Telephone number frames for households and persons: ao usar linhas fixas, falhamos em cobrir cerca de 20% das unidades residenciais dos Estados Unidos. Além disso, um percentual menor possui mais de uma linha fixa e acabam sendo duplicados. Além disso, com o uso de celulares, essa abordagem torna-se mais complicada – mesmo porque números de telefone celular são associados a uma pessoa, e não a um endereço.
Frames for Web Surveys of General Populations: “The e-mail frame, however, fails to cover large portions of the household population. It has duplication problems because one person can have many different e-mail addresses, and it has clustering problems because more than one person can share an e-mail address.” (p. 83).

“In short, without a universal frame of e-mail addresses with known links to individual population elements, some survey practices have begun to ignore the frame development step. Without a well-defined sampling frame, the coverage error of resulting estimates is completely unknowable.” (p. 84).

4.1.1.1.7 Coverage error

Undercoverage is a difficult problem, and may be an important source of coverage error in surveys. It is important to note, though, that coverage error is a property of sample statistics and estimates made from surveys.

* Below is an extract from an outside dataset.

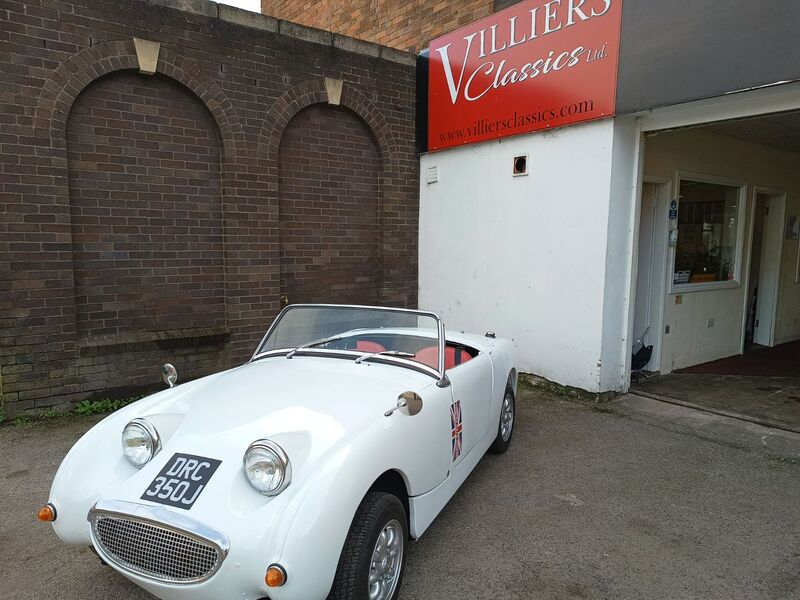 AUSTIN HEALEY FROGEYE SPRITE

No caso de uma estimativa de média, o viés de cobertura é dado por:

\[ \bar{Y}_C - \bar{Y} = \dfrac{U}{N} (\bar{Y}_C - \bar{Y}_U), \]

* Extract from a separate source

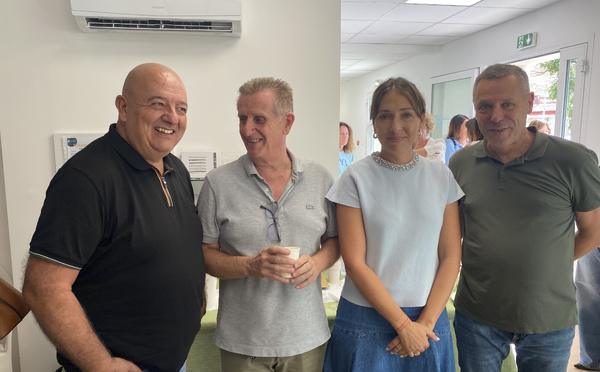 Aleria - L'ADMR s'installe dans de nouveaux locaux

one \(\bar{Y}\) é a média da população total, \(\bar{Y}_C\) é a média da população coberta e \(\bar{Y}_U\) é a média da população não coberta. \(U\) é o número de unidades não cobertas e \(N\) é o número total de unidades. “Thus, the error due to not covering the \(N-C\) units left out of the frame is a function of the proportion ‘not covered’ and the difference between means for the covered and the not covered.” (p. 88).

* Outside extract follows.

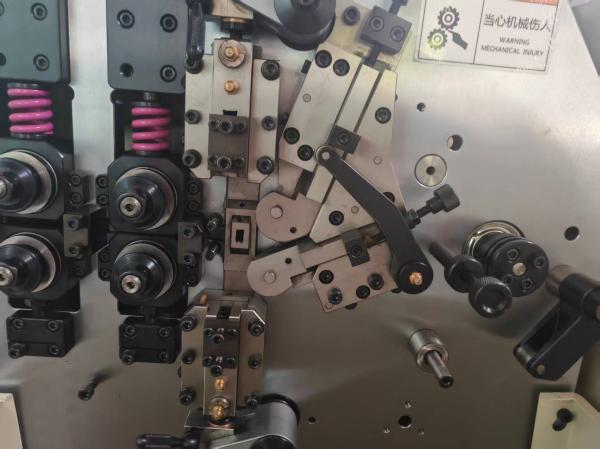 3 Axes Compression Spring Machine 50HZ/60HZ Spring CNC Machine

4.1.1.1.8 Reduzindo o erro de cobertura

The Half-Open Interval: “Consider, for example, address or housing unit lists used in household surveys. These lists may become out of date and miss units quickly. They may also have missed housing units that upon closer inspection could be added to the list. Since address lists are typically in a particular geographic order, it is possible to add units to the frame only for selected frame elements, rather than updating the entire list.” (p. 88).
Multiplicy sampling: “Some frame supplementation methods add elements to a population through network sampling.” (p. 90).
Multiple frame designs: “For example, an out-of-date set of listings of housing units can be supplemented by a frame of newly constructed housing units obtained from planning departments in governmental units responsible for zoning where sample addressses are located” (p. 91).

“At times, the supplemental frame may cover a completely separate portion of the population. In most cases, though, supplemental frames overlap with the principal frame. In such cases, multiple framing sampling and estimation procedures are employed to correct for unequal probabilities of selection and possibly to yield improved precision for survey estimates.” (p. 91).

“There are several solutions to the overlap and overrepresentation problem. One is to screen the area household frame. At the doorstep, before an interview is conducted, the interviewer determines whether the household has a fixed-line telephone that would allow it to be reached by telephone. If so, the unit is not selected and no interview is attempted. With this procedure, the overlap is eliminated, and the dual frame sample design has complete coverage of households.

A second solution is to attempt interviews at all sample households in both frames, but to determine the chance of selection for each household. Households from the nonoverlap portion of the sample, the nontelephone households can be selected from the area frame and, thus, have one chance of selection. Telephone households have two chances, one from the telephone frame and the other from the area household frame. Thus, theis chance of selection is \(p_{RDD} + p_{area} - p_{RDD} \times p_{area}\), where \(p_{RDD}\) and \(p_{area}\) denote the chances of selection for the RDD and area sample households. A compensatory weight can be computed as the inverse of the probability of selection: \(1/p_{area}\) for nontelephone households and \(1/(p_{RDD} + p_{area} - p_{RDD} \times p_{area})\) for telephone households, regardless of which frame was used.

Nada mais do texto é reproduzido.